One of the things that makes this movie such a great rush is that while you're watching it, it seems a good deal more subversive than it really is. As Ian McKellen's Magneto points out late into the film, in one of the only bits of dialogue that could conceivably be called subtle, he and Professor Xavier (Patrick Stewart) aren't really so far apart in their aims — where they differ is in their methods. Xavier's methods favor peaceful coexistence, Magneto's favor dispensing with the opponent completely. Both men represent the mutant community, the subject of much suspicion and outright hatred from . . . that's right, the human community. Hence, X2 features many scenes in which the mutants must battle the authority representatives of humankind, that is, the police and the Army.

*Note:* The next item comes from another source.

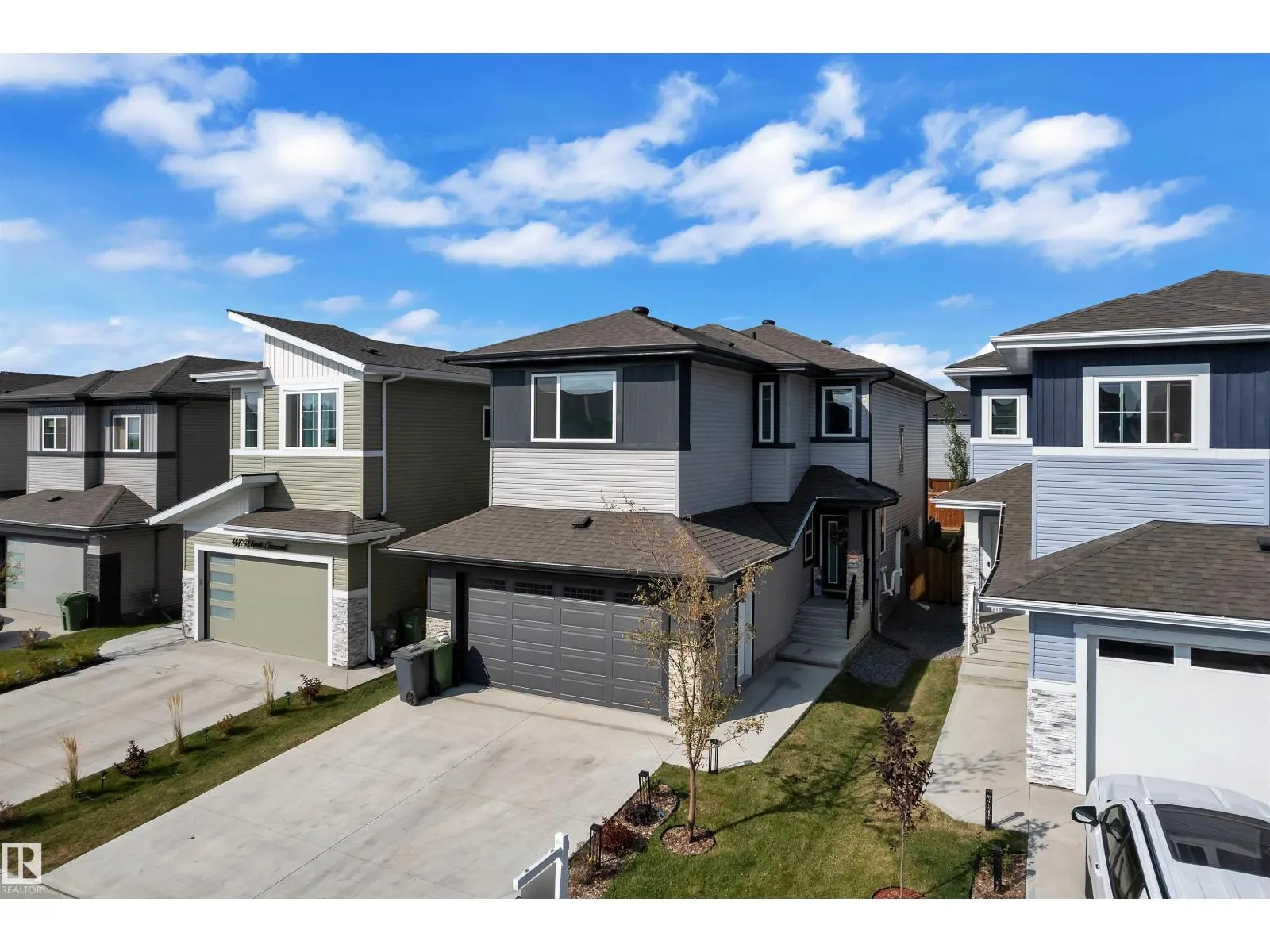 445 ROBERTS CR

And indeed, as maladjusted young mutant Pyro (Tadpole's Aaron Stanford) tosses fireballs at a thick blue line, one couldn't blame a random viewer for humming along with an old N.W.A. jam playing in the back of his or her head. It's an exhilarating spectacle, seeing these smug, loudmouthed enemies of civil liberties getting a little of their own. But it's all an illusion. Once the battle's over, director Bryan Singer is very careful to let us know that the worst any of the cops has suffered in this standoff is a singed eyebrow.
Singer's a remarkably canny filmmaker, and the picture he and his team deliver here grabs the first X-Men's crown — it's by far the best movie adaptation of a comic book, ever. To complain that it's an unsubtle allegory is to miss the point — Singer, like the Marvel comics writers and artists he's adapting, is a smart and splashy entertainer rather than a master of nuance. If you can accept that the terms it succeeds on are, aside from being entirely their own, entirely valid as well, you can recognize this as one of the outstanding pictures of the year.